Certina DS

Certina DS

A pioneer’s watch

We love old watches and the Certina DS is one of these. DS stands for “Double Security.” and is the result of team under the guidance of engineer Philipp Kurth in the 50’s. It took some time to developed the construction principle of the DS models and it was a master piece of engineering.

This extra security, was achieved by a floated mounting of the entire movement with an elastic shock absorber ring in addition to the conventional shock absorber (Incabloc). For the movement not to move in all directions there was an air gap between the dial and case. By adding a sealing with an extra thick and sheathed Plexiglass, combined with a reinforced case back, the Certina DS became the best friend of all adventurers.

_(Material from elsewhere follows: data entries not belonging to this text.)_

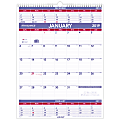 AT-A-GLANCE® 3-Month Monthly Wall Calendar, 22" x 29", January to December 2019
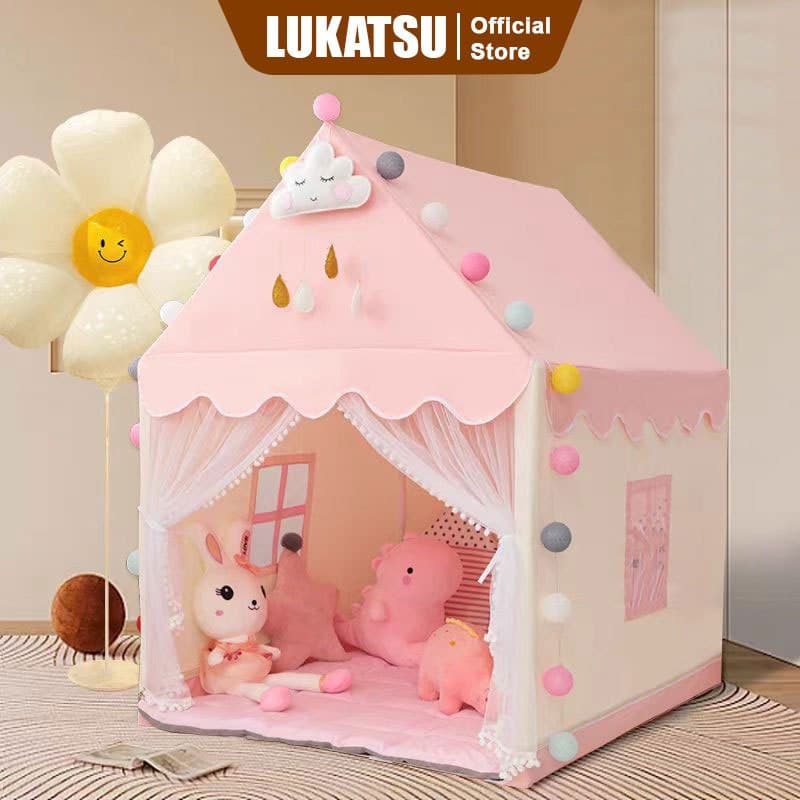 Review LUKATSU Tenda Putri: Istana Impian Si Kecil?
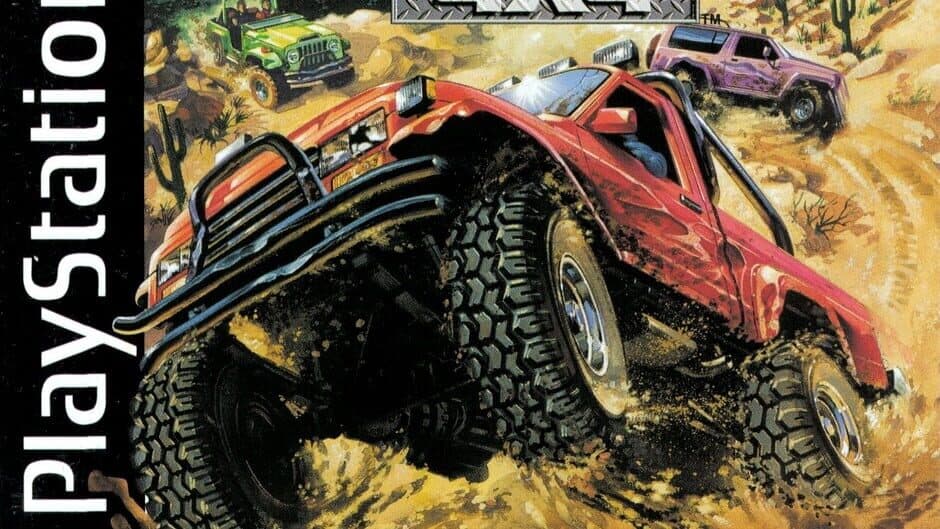 TNN Motorsports Hardcore 4X4 banner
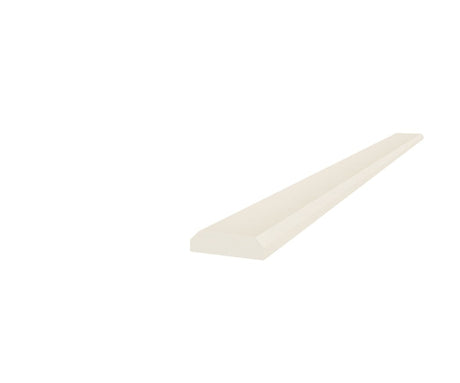 2 x 36 in. Marmiline Ivory Polished Engineered Stone Threshold - BUILDMYPLACE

What’s best than the highest place on earth ?

On 13 May 1960 a Swiss team, under the leadership of Max Eiselin, succeeded to reach the summit of the Dhaulagiri (8167m). At this time it was the second last not yet climbed eight-thousander. The Certina DS was able to prove their robustness.

The members of this expedition were equipped by Certina with DS Automatic watches. It was the reference 5601 003 with date, equipped with a Guy Frères metal band. On the caseback of these watches “Schweizer Himalaya Expedition 1960” is engraved.

Crash test

Despite the classical styling with the Bombay band lugs, the watch was very robust. It held out against drop impact from up to 6 metres and was water resistant up to 200 metres. The first watches, which came on the market in 1959, had dauphine hands and a flat case back without the turtle logo. As movement, the 25-45 was used. Very early specimens still had evidence of the patent application instead of the patent number engraved on the inside of the case back. This patent (346825) was related to the shock mount of the movement and was registered on May 8, 1958 by case manufacturer Huguenin Frères.

From the end of 1960 onwards, the new 25-65 and 25-651 movements were used, and the famous turtle was engraved on the case back. The manual-wind version had a flat case back, and the automatic version had a case back with a wave pattern in relief.

Definitely a robust watch

More promotionally effective endurance tests demonstrated the resilience of the DS concept. Thus, the Certina DS became the epitome of a particularly robust wristwatch.

To emphasize the theme of robustness, they brought out the “DS Automatic Amagnetic” in 1964. This model had an additional magnetic protection up to maximally 800 Gauss (500 permanent).

As in 1968, finally the successor of the DS, the DS-2 came on market, more than 300’000 pieces of the DS had been sold worldwide.